This is my little brother’s favorite snack. He just loves these things. And he’s not the only one! Ever since I was a little kid, I’ve been absolutely obsessed with these things.
I was first introduced to pigs in a blanket when I was about 5 years old. One magical day in kindergarten – in retrospect, all my days in kindergarten were magical – it was my best friend’s birthday. The teacher made her a paper crown and we all sang her happy birthday together.
You know, the usual…
Kids learn fast, so even at the tender age of 5 I already knew that me and my classmates were going to get a birthday treat. We just didn’t know what it was yet. There was no biscuit tin in sight. No basket full of little packets of chips to be seen. No candy necklaces. Nothing.
I was getting worried…
Luckily, there was nothing to worry about. Moments before snack time, the door of the classroom opened and a huge tray covered in aluminum foil entered, closely followed by the birthday girl’s mom.

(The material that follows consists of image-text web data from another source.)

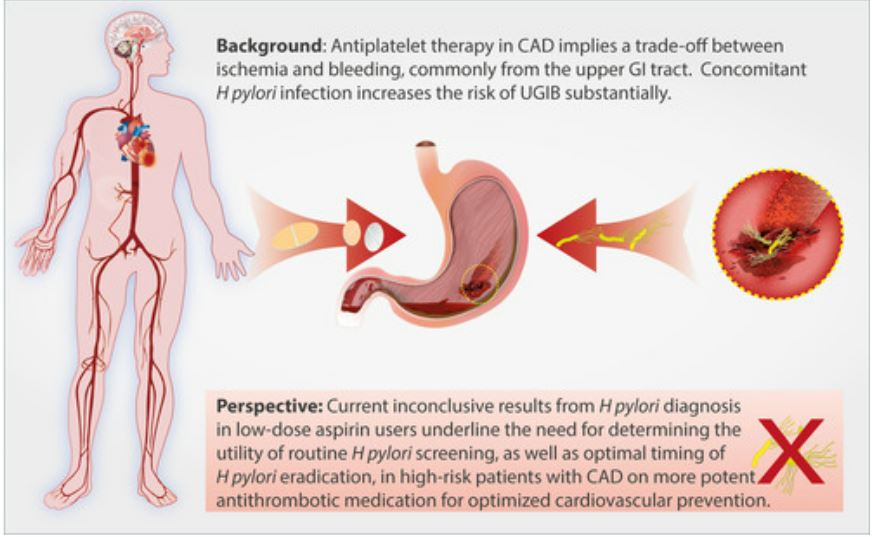 Circulation (@circaha) on Twitter photo #Perspective Is it time for routine H.pylori screening in patients with coronary artery disease? <a href="/Robodoc2013/">Robin Hofmann</a> <a href="/karolinskainst/">Karolinska Institutet</a> <a href="/TransCardio/">Translational Cardiology</a> <a href="/ProfMagnusBack/">Magnus Bäck</a> #AHAJournals ahajournals.org/doi/10.1161/CI… #Perspective Is it time for routine H.pylori screening in patients with coronary artery disease? <a href="/Robodoc2013/">Robin Hofmann</a> <a href="/karolinskainst/">Karolinska Institutet</a> <a href="/TransCardio/">Translational Cardiology</a> <a href="/ProfMagnusBack/">Magnus Bäck</a> #AHAJournals ahajournals.org/doi/10.1161/CI…
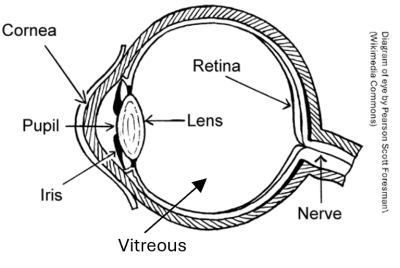 Endophthalmitis image of eye.png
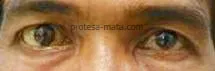 kasus mata strabismus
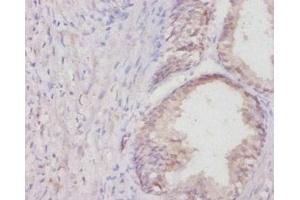 Immunohistochemistry of paraffin-embedded human colon cancer using ABIN7178837 at dilution of 1:20 (COL1A1 抗体  (AA 955-1207))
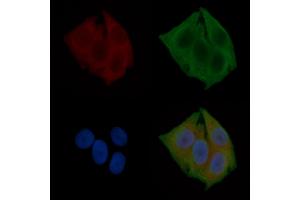 ABIN6260435 and ABIN6272263 staining Hela cells(24h of starvation treatment) by IF/ICC. (CaMK2 beta/gamma antibody  (C-Term))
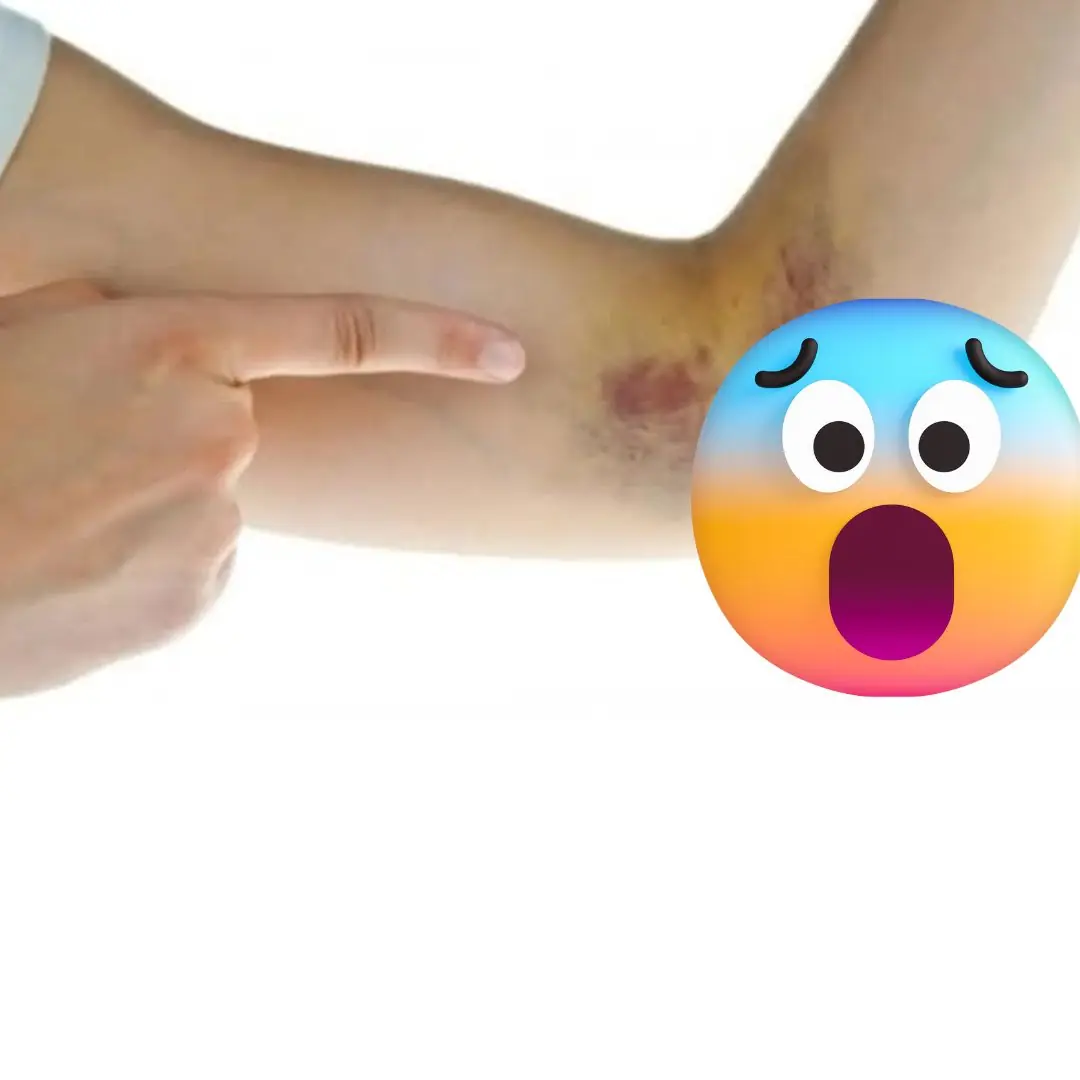 Simple signs to immediately recognize leukemia that you may never notice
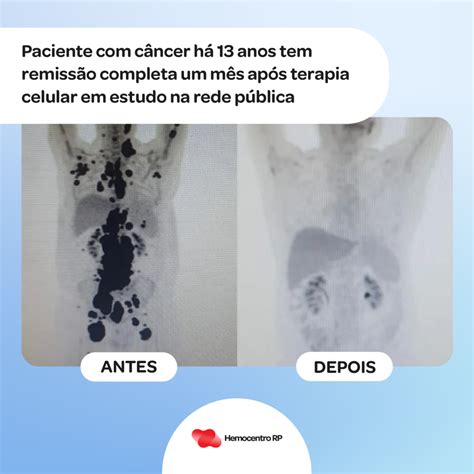 Terapia experimental células CAR T alcança remissão em paciente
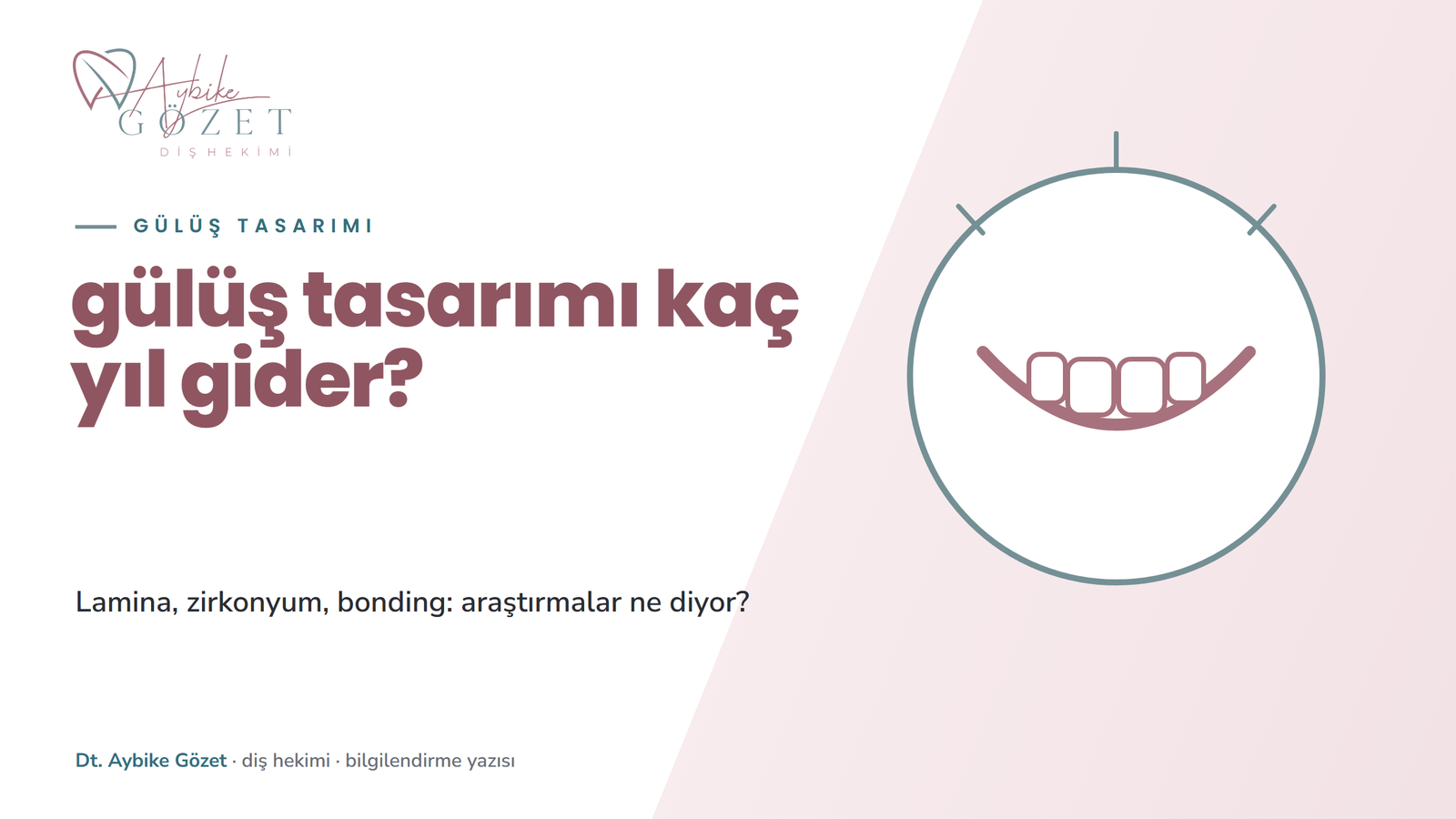 Gülüş tasarımı kaç yıl gider: lamina, zirkonyum ve bonding ömrü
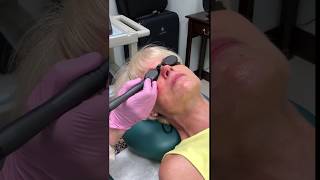 KTP Laser Therapy (Part 2) -  Eugenie Brunner, MD, FACS - Princeton, New Jersey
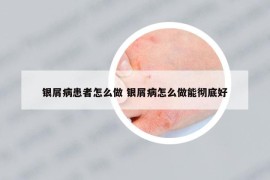 銀屑病患者怎么做 銀屑病怎么做能徹底好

The tray was put down on one of the little tables and the aluminum foil was ripped off. My best friend picked up the tray and proudly presented her special birthday treat to me and the rest of the kids: pigs in a blanket.
It was love at first bite…
At the time, we didn’t have an oven at home. Only a microwave for making popcorn. In other words, I couldn’t make these at home, so from that moment on my friend’s birthday was one of the highlights of the school year!

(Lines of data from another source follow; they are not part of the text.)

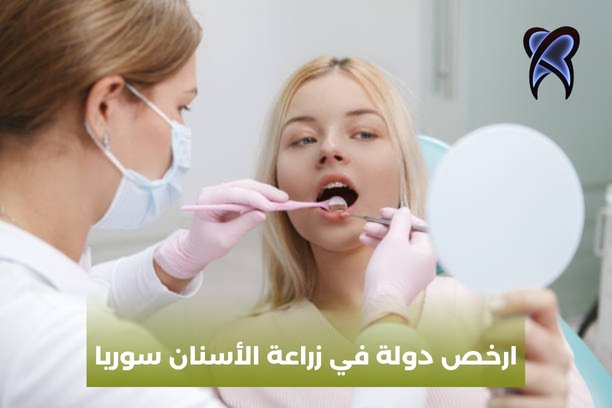 زراعة اسنان في سوريا زراعة اسنان في سوريا
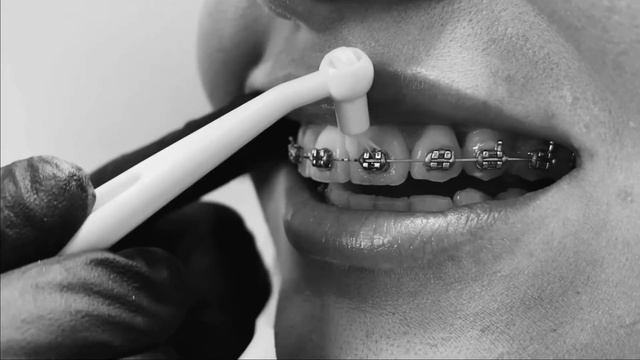 Гигиена полости рта в домашних условиях смотреть онлайн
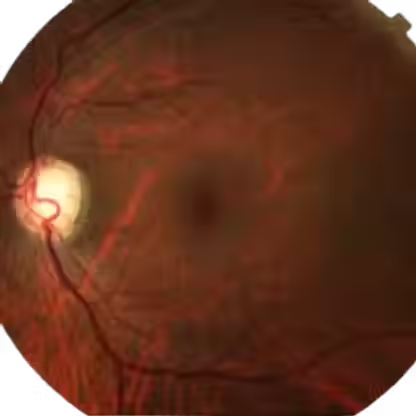 EXAMES ESPECIALIZADOS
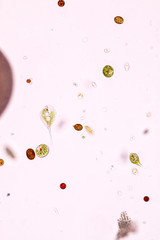Phacus is a genus of unicellular protists, of the phylum Euglenozoa.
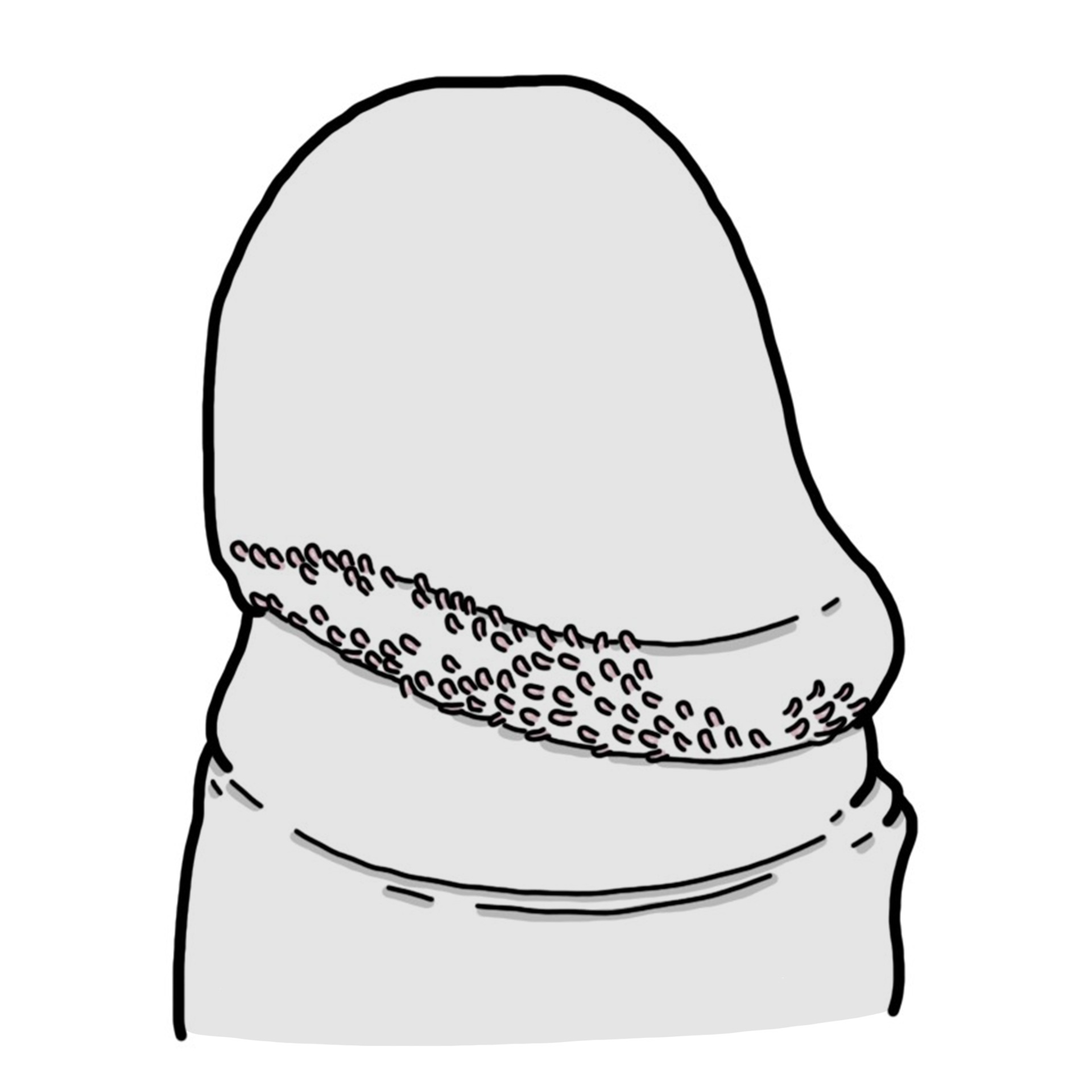 Pápulas perladas en glande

Oh yeah, it was right up there with school trips to theme parks and school plays…
That’s how good these things are…
A few years later, when we FINALLY got an oven, pigs in a blanket were one of the first things I made. My family loved them and ever since that first time I made them, they’ve been a crowd-pleaser at casual family get-togethers on dreary Sunday afternoons, on action movie nights and New Year’s Eve parties.

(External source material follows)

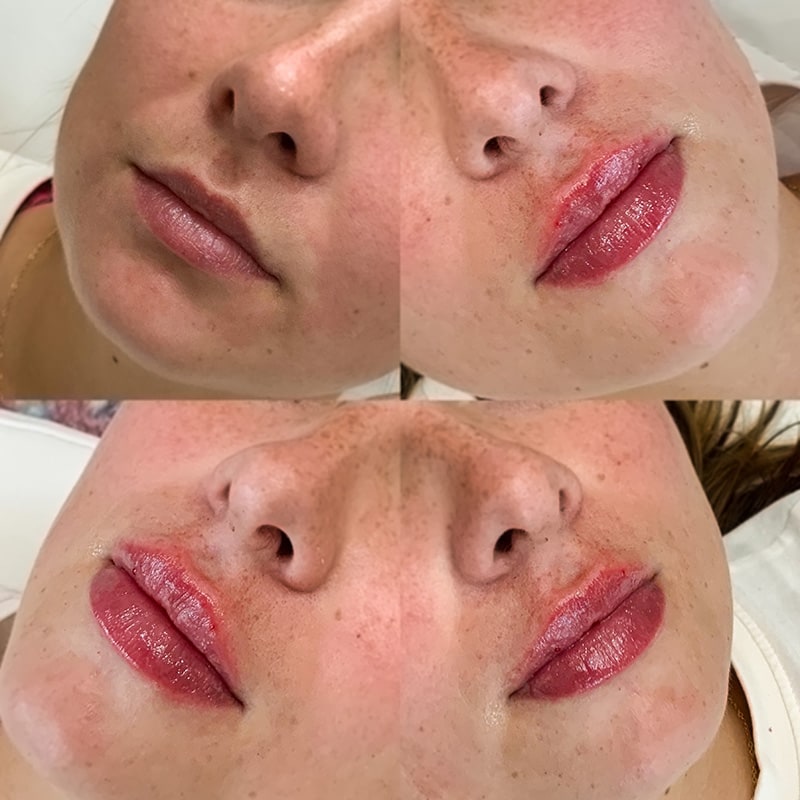 Lip Fillers Before & After Image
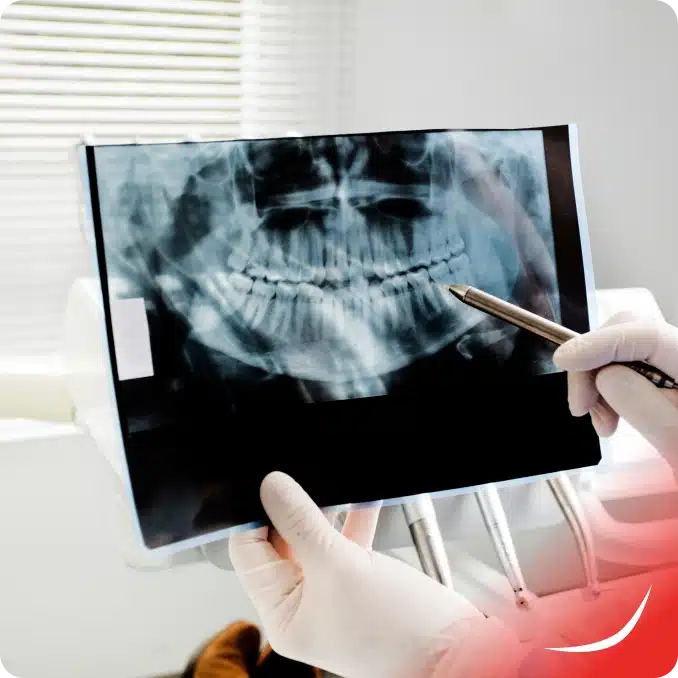 Cost Dental X-Rays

You just can’t go wrong with these!
I make mine with mustard, but you can leave the mustard out if you don’t like it and just leave them plain or add another filling, such as cheese or ketchup or something. Ketchup and mustard are also great for dipping!
Well, not the ketchup in the picture, because it’s really just yogurt that I’ve colored with some food coloring (we were all out of ketchup), but actual ketchup would be great with these!
One last thing: if you do decide to make these for New Year’s Eve – hey, they’re easy, they’re delicious and everybody loves them – just make sure to quadruple the recipe, because they go fast!
- One 340g can (or one 12 oz. can) refrigerated 'crescent dinner rolls' dough
- 18 cocktail sausages from a can, drained
- 3-6 tablespoons of coarse mustard
- 1 egg
- 1 tablespoon of water
- Start by preheating your oven to 200°C/390°F and line a cookie sheet with baking parchment. Take the dough out of the can, unroll it and place it on your countertop (long side horizontal). Use your fingers to pinch the seams of the individual sections of dough together. If your dough looks like mine, you now have a rectangular strip of dough. Cut the strip of dough vertically into 3 equal pieces. Cut each piece into 3 equal pieces again (again vertically) and cut each of these smaller pieces in half diagonally. You should now have 18 dough triangles.
- With the back of a spoon, spread the mustard over the dough. Use as much mustard as you like. Next, place a sausage at the wide end of one of the dough triangles and roll it up. The narrow end of the dough triangle should end up in the middle of the outside of the roll. Repeat with the other sausages.
- Place the rolls 4-cm/1,5-inches apart on the lined cookies sheet. In a small bowl, whisk together the egg and water. Using a pastry brush, brush the tops of the rolls with the egg wash. Bake for about 12-15 minutes, or until golden brown.
- Allow to cool for 5 minutes before digging in! Best served fresh out of the oven!